En resolución, combatido D. Paco por harto contrarios sentimientos, aunque se propuso no desistir de la empresa que había formado de manera muy vaga, se propuso también proceder con la mayor cautela y ser lo más ladino que pudiese, aunque en estos negocios no le sucedía como en los negocios del municipio, y el ser ladino no era su fuerte.

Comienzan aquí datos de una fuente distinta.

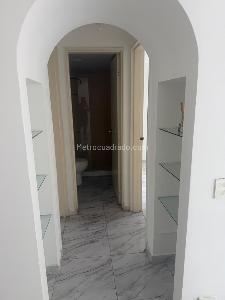 Apartamento en venta en La Candelaria, Medellín · foto 2 de 13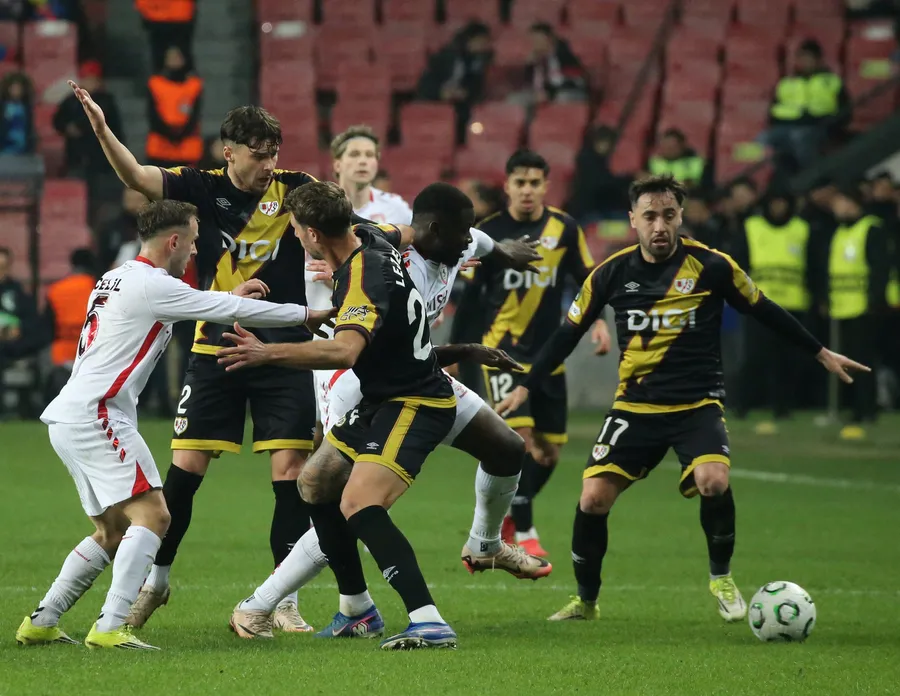 uefa-konferans-liginde-son-16-turu-heyecani-1773353526665.jpg UEFA Konferans Ligi'nde son 16 turu heyecanı - 1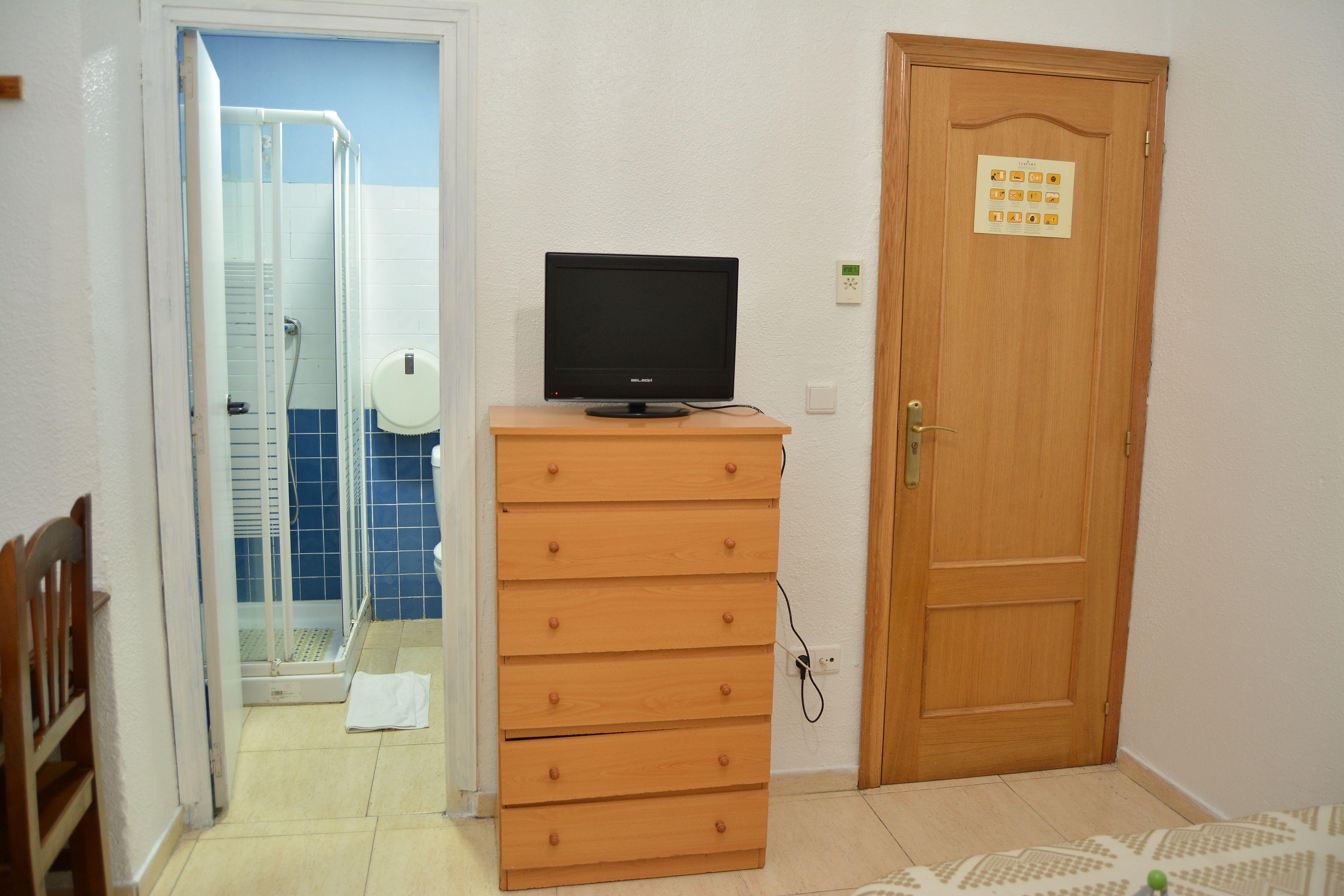 Pension Ayuntamiento - Alicante — Fotos 3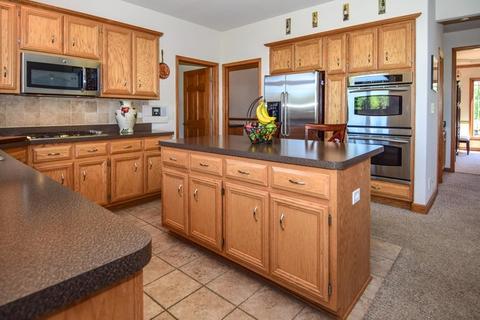 13431 Kerr St, Plainfield, IL 60585 photo 13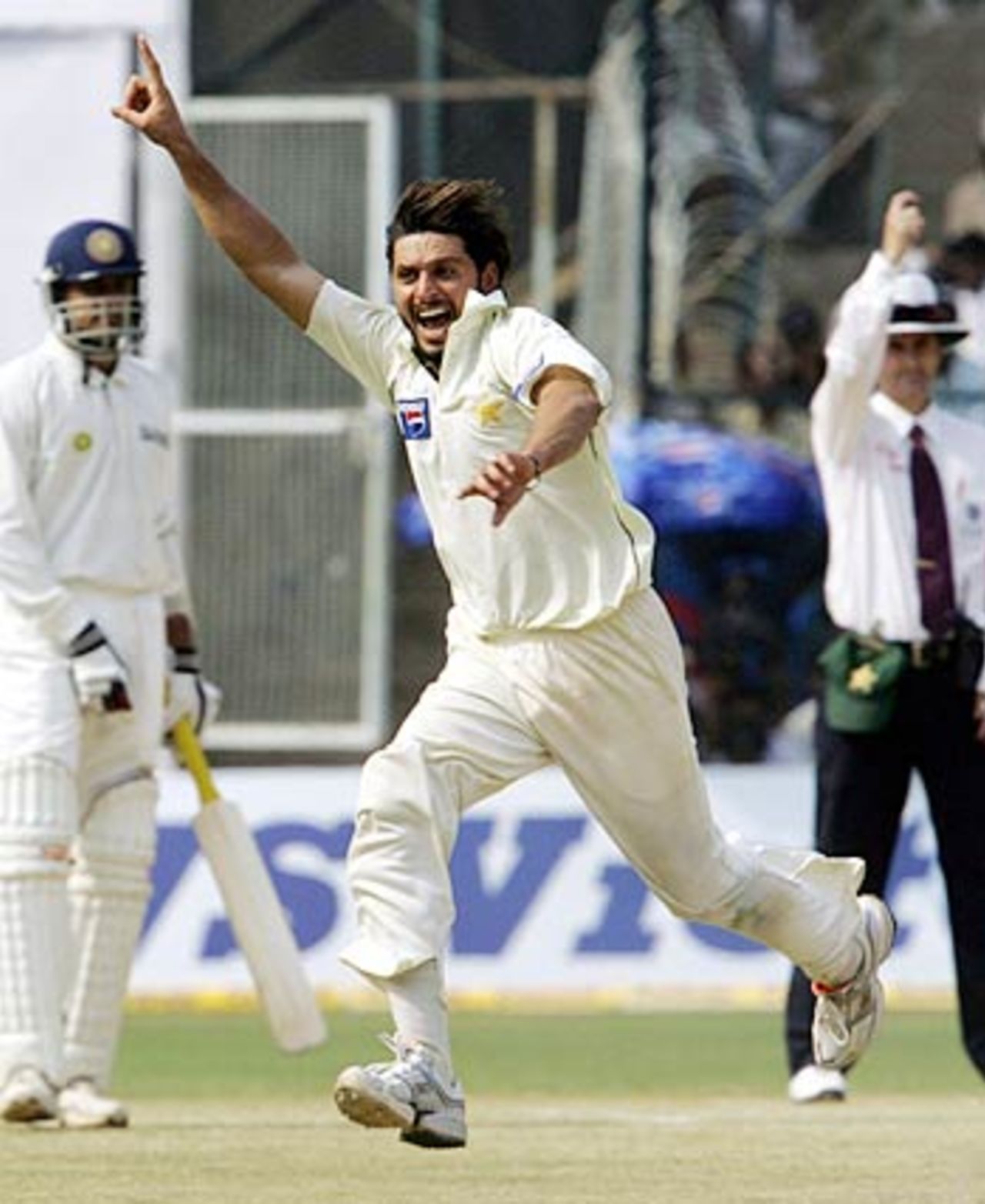 Shahid Afridi ended all hopes of an Indian resistance with the wicket of Sachin Tendulkar, India v Pakistan, 3rd Test, Bangalore, 5th day, March 28, 2005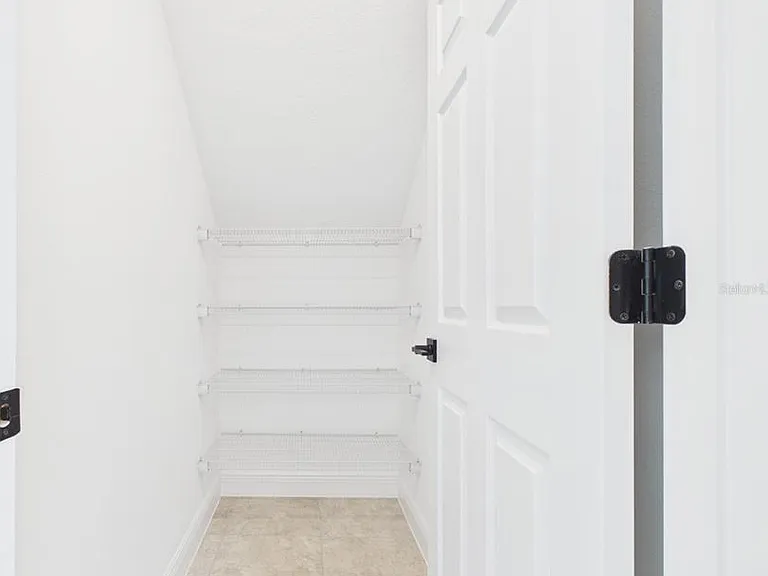 5611 SW 72nd Ct — Photo 10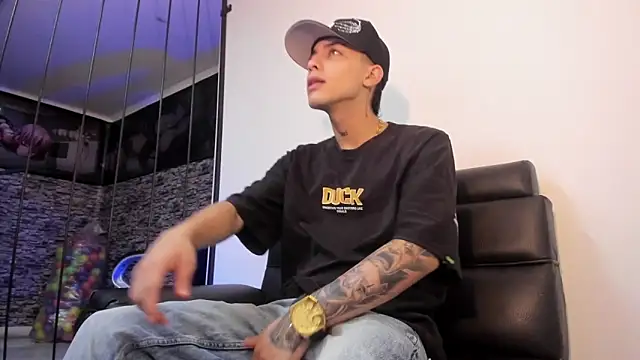 Dereck Boy  online show from April 1, 3:30 am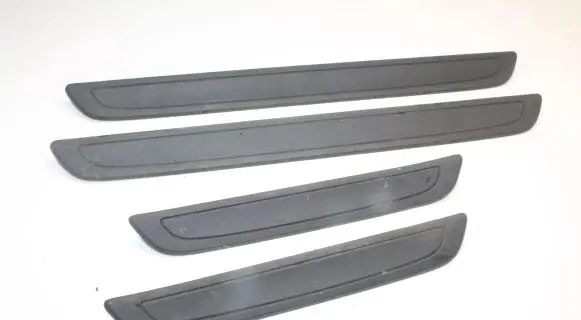 Toyota Auris 150 sill trim set (inner) 6791502040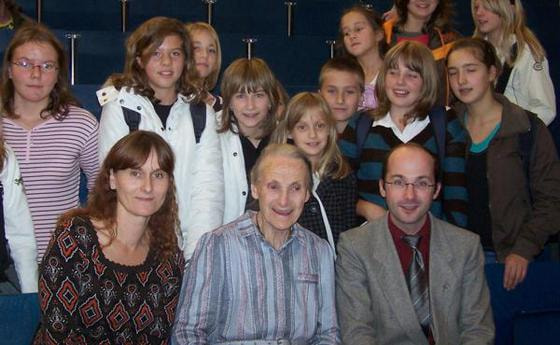 Jungschar Ostermiething mit Franziska Jägerstätter (2008 bei Buchpräsentation in Linz)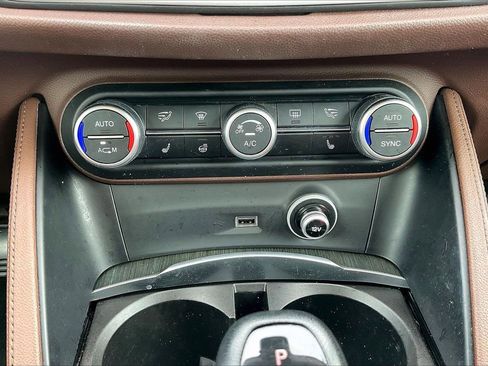 Used 2019 Alfa Romeo Stelvio Ti image 20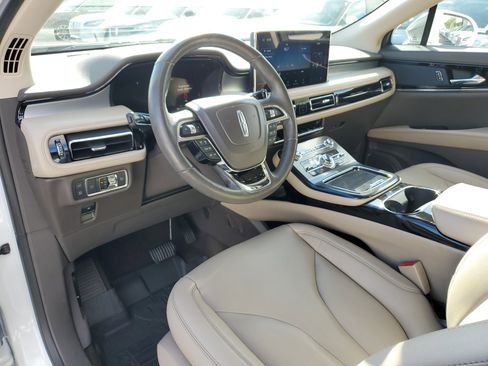 Certified 2022 Lincoln Nautilus FWD w/ Premium Package image 15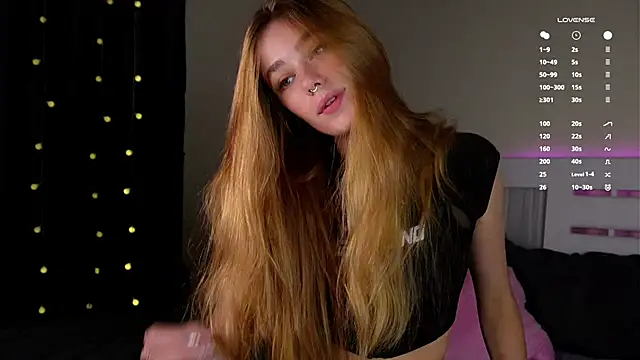 EmilaMills online show from October 1, 11:11 pm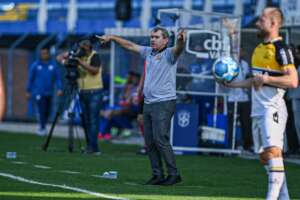 Série B: Após derrota em clássico, Tencati fala sobre instabilidade do Criciúma: 'Momentos isolados'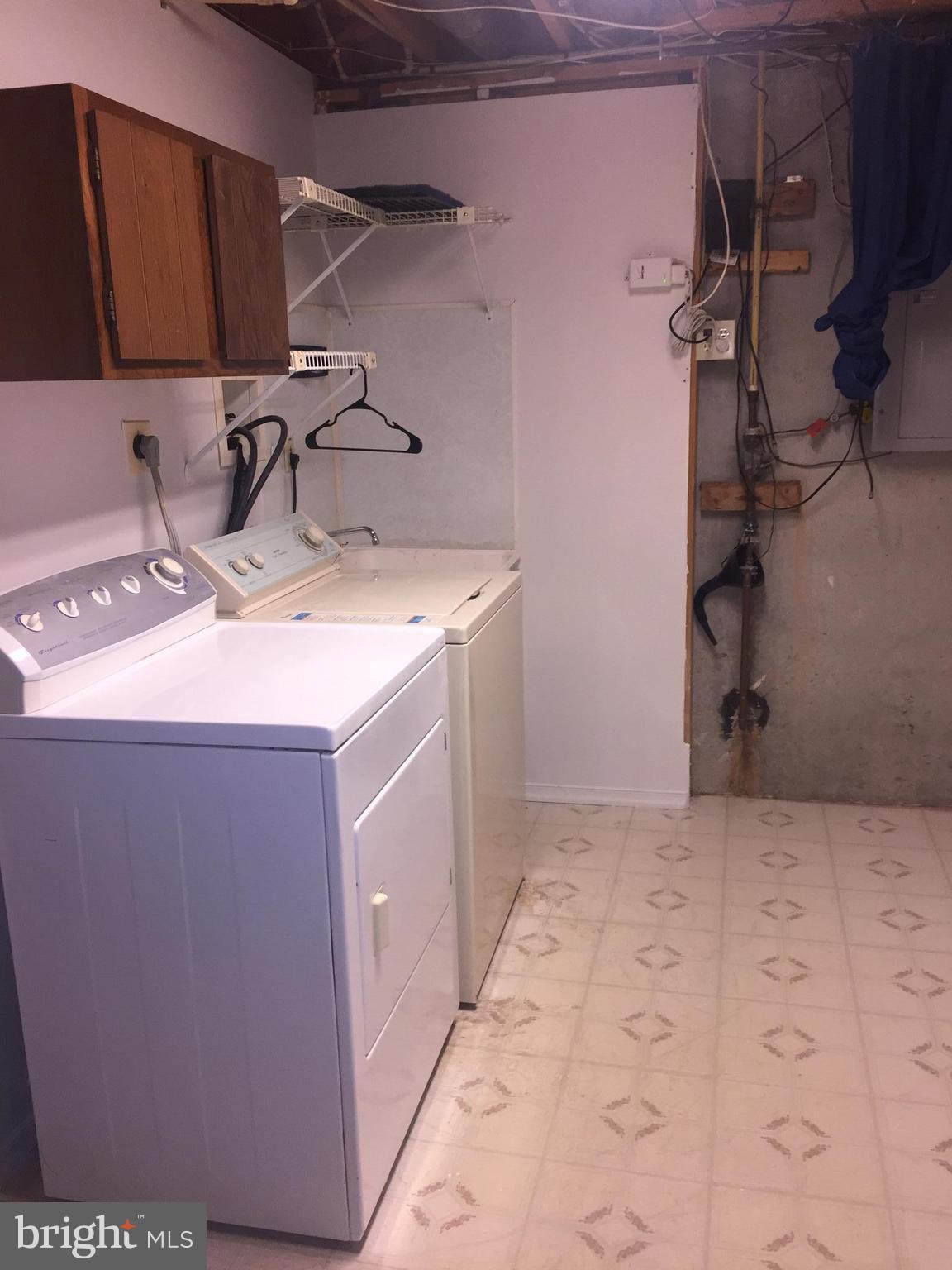 WOODSHIRE VILLAGE - Residential Lease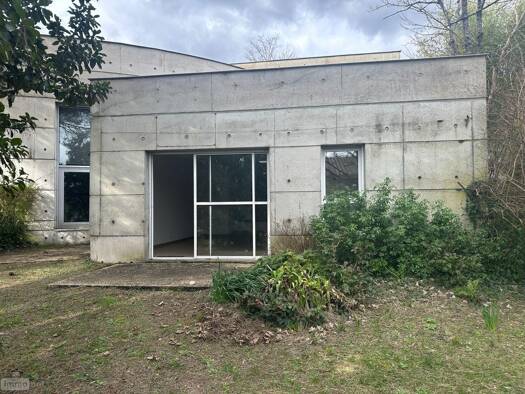 Local commercial à louer 750 € Brivazac-Candau Pessac 33600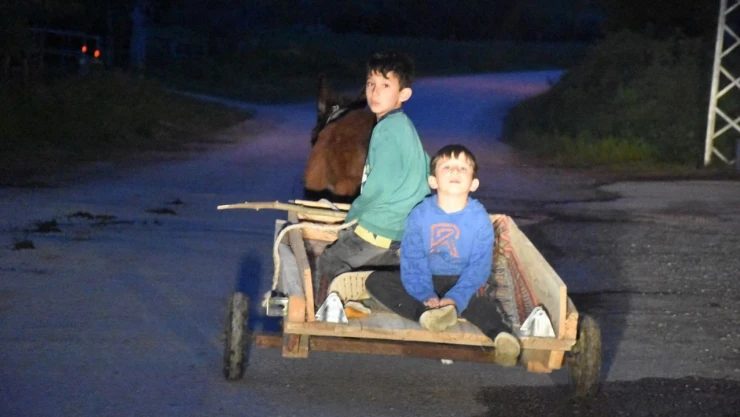 Derme Çatma Eşek Arabasıyla Tehlikeli Yolculuk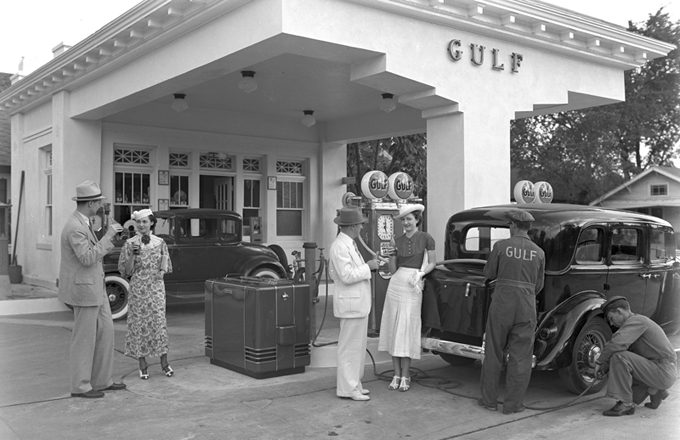 history_Modern-Day-Gulf-Station-in-Houston-Texas-Do-you-remember-when-there-was-actually-customer-service-1930’s.jpg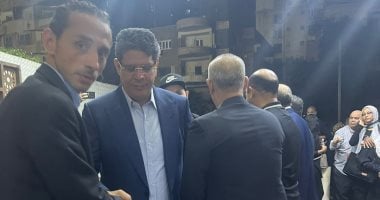 تكريم في عزاء والد محمد طارق بحضور أيمن الرمادي ولاعبي الزمالك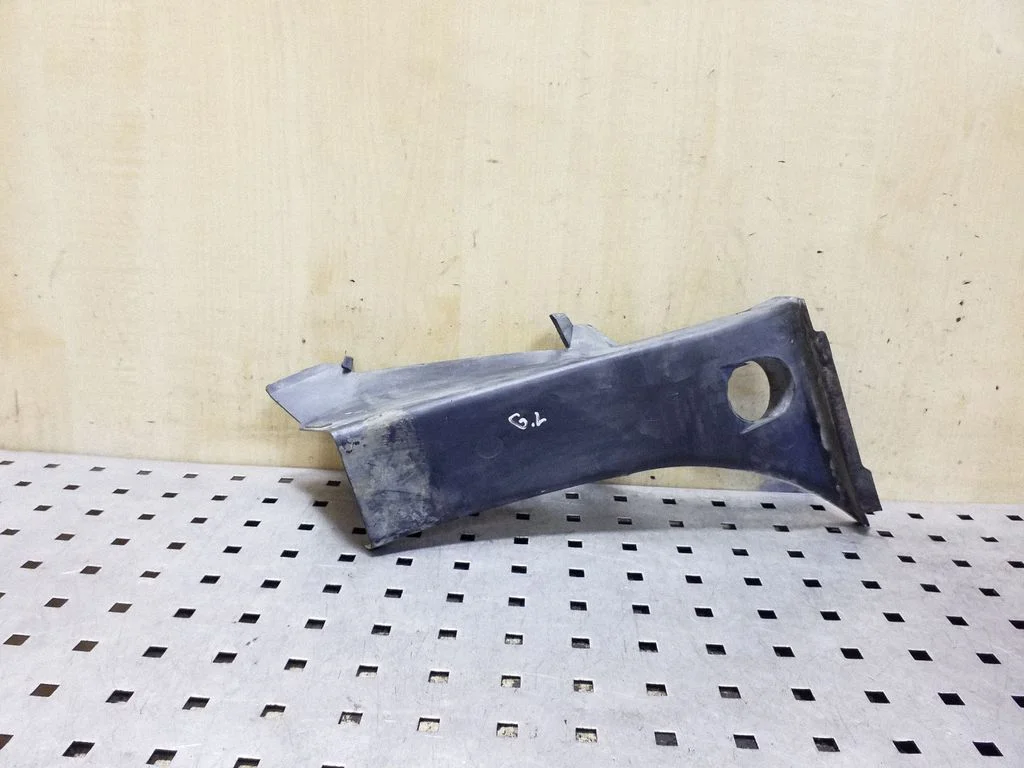 Other trunk/boot trim element 100667400F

Así discurriendo, pasó D. Paco revista a su ropa blanca. Vio que sólo tenía media docena de camisas bastante estropeadas y con muchos zurcidos. Y como esto era muy poco para él, persona de extremado aseo, que ¡cosa rara en un pequeño lugar! se ponía ropa limpia tres veces a la semana, decidió que estaba justificadísimo el mandar que le hicieran media docena de camisas nuevas, que le hacían muchísima falta. ¿Y quién había de hacerlas mejor que Juanita, que era la costurera más hábil de Villalegre? ¿Y quién había de cortarlas mejor que su madre, la cual, lo mismo que con el mango de la sartén en la izquierda y la paleta en la diestra, era una mujer inspirada con las tijeras en la mano y con cualquiera tela extendida sobre la mesa y marcada ya artísticamente con lápiz o con jaboncillo de sastre?
Al día siguiente, decidido ya don Paco, acudió muy de mañana a casa de Juana la Larga y le mandó hacer seis hermosas camisas de madapolán con puños y pecheras de hilo, ajustándolas a treinta reales cada una. Para ganarse la voluntad y excitar el celo de ambas Juanas, les llevó don Paco, envuelto en un pañuelo, y sin que los profanos viesen lo que llevaba, un cestillo lleno de fresas, fruta muy rara en el lugar; y para mayor esplendidez, sacó además del bolsillo del holgado chaquetón que solía vestir de diario, nada menos que tres bollos del exquisito chocolate, que solía hacer doña Inés en su casa, y del cual había regalado a su padre una docena de bollos de a cuatro onzas cada uno.
Juana la Larga, que era muy golosa y muy aficionada a que la obsequiasen, aceptó el presente con gratitud y complacencia, pero como no era larga solamente de cuerpo, sino que lo era también de previsión, y si vale decirlo así, de olfato mental, al punto olió y caló las intenciones que D. Paco traía y sobre las cuales había ya sospechado algo.